What is required: Print the records exactly as written, and let no picture into the answer.

[Brief descriptive captions]
===============
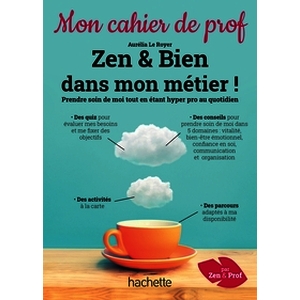 ZEN BIEN DANS MON METIER CAHIER PROF ED 2022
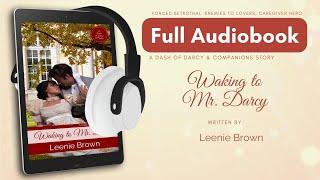 Full Audiobook: Waking to Mr. Darcy, A Sweet, Kisses-only Pride and Prejudice Variation Novella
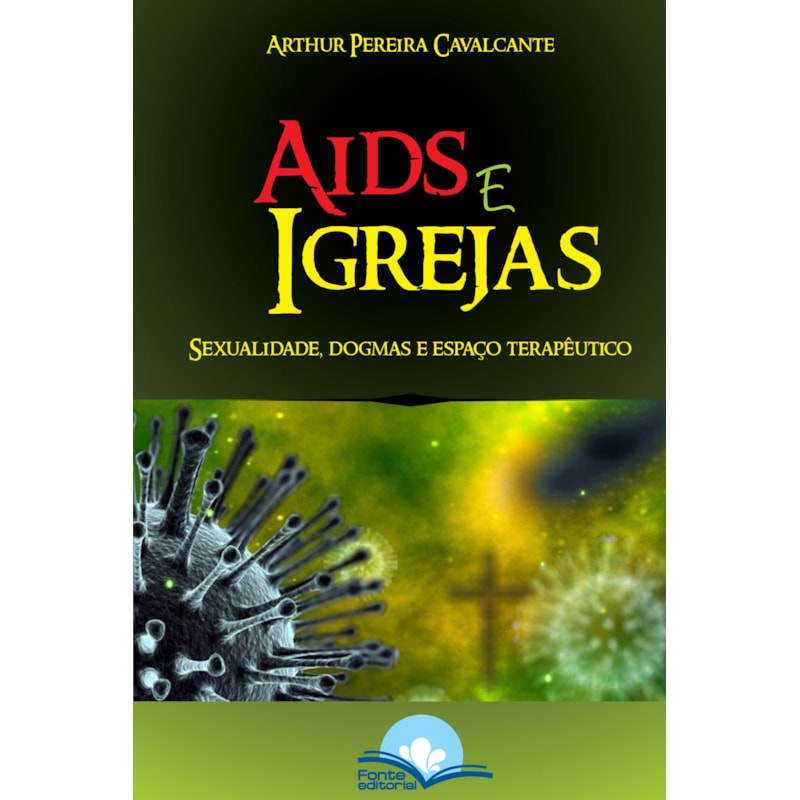 Aids e igrejas: sexualidade, dogmas e espaço terapêutico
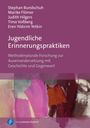 Stephan Bundschuh: Jugendliche Erinnerungspraktiken, Buch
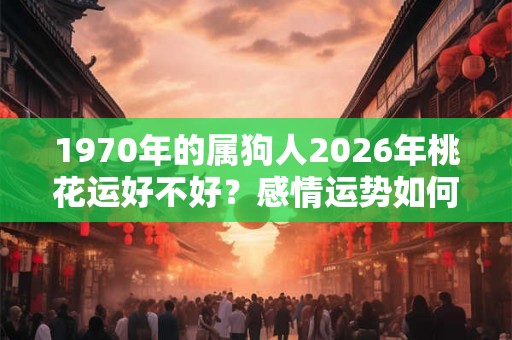 1970年的属狗人2026年桃花运好不好？感情运势如何？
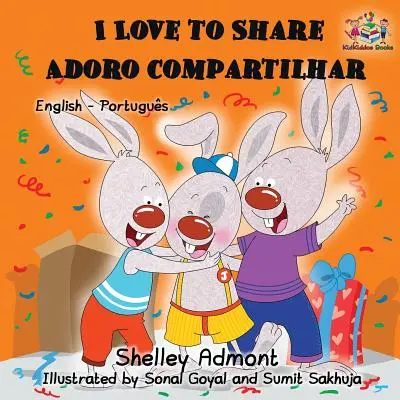 J'aime partager : Livre pour enfants bilingue anglais portugais - I Love to Share: English Portuguese Bilingual Children's Book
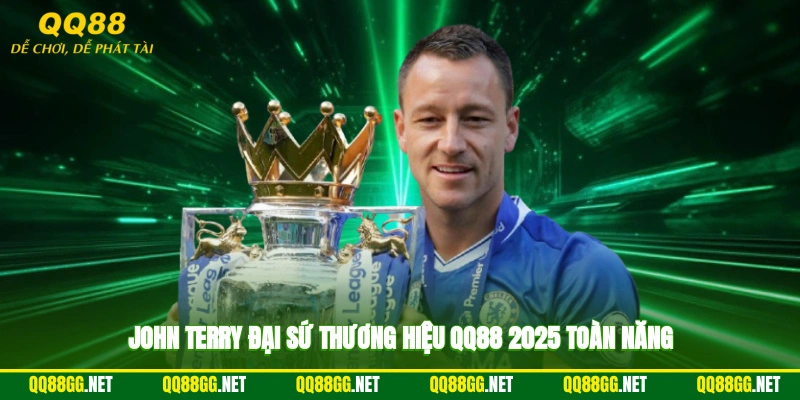 John Terry đại sứ thương hiệu QQ88 2025 toàn năng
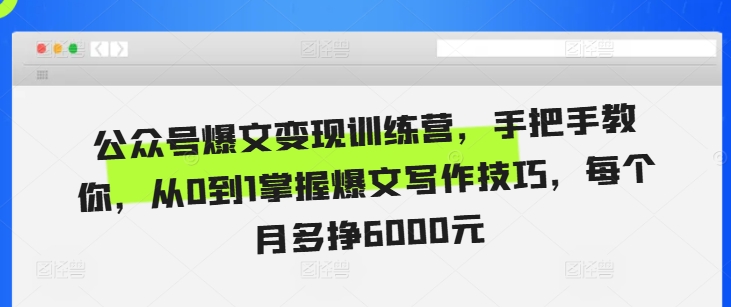 公众号爆文变现训练营，手把手教你，从0到1掌握爆文写作技巧，每个月多挣6000元-禾谷轻创网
===============
Written solution:
 ZEN BIEN DANS MON METIER CAHIER PROF ED 2022
 Full Audiobook: Waking to Mr. Darcy, A Sweet, Kisses-only Pride and Prejudice Variation Novella
 Aids e igrejas: sexualidade, dogmas e espaço terapêutico
 Stephan Bundschuh: Jugendliche Erinnerungspraktiken, Buch
 1970年的属狗人2026年桃花运好不好？感情运势如何？
 J'aime partager : Livre pour enfants bilingue anglais portugais - I Love to Share: English Portuguese Bilingual Children's Book
 John Terry đại sứ thương hiệu QQ88 2025 toàn năng
 公众号爆文变现训练营，手把手教你，从0到1掌握爆文写作技巧，每个月多挣6000元-禾谷轻创网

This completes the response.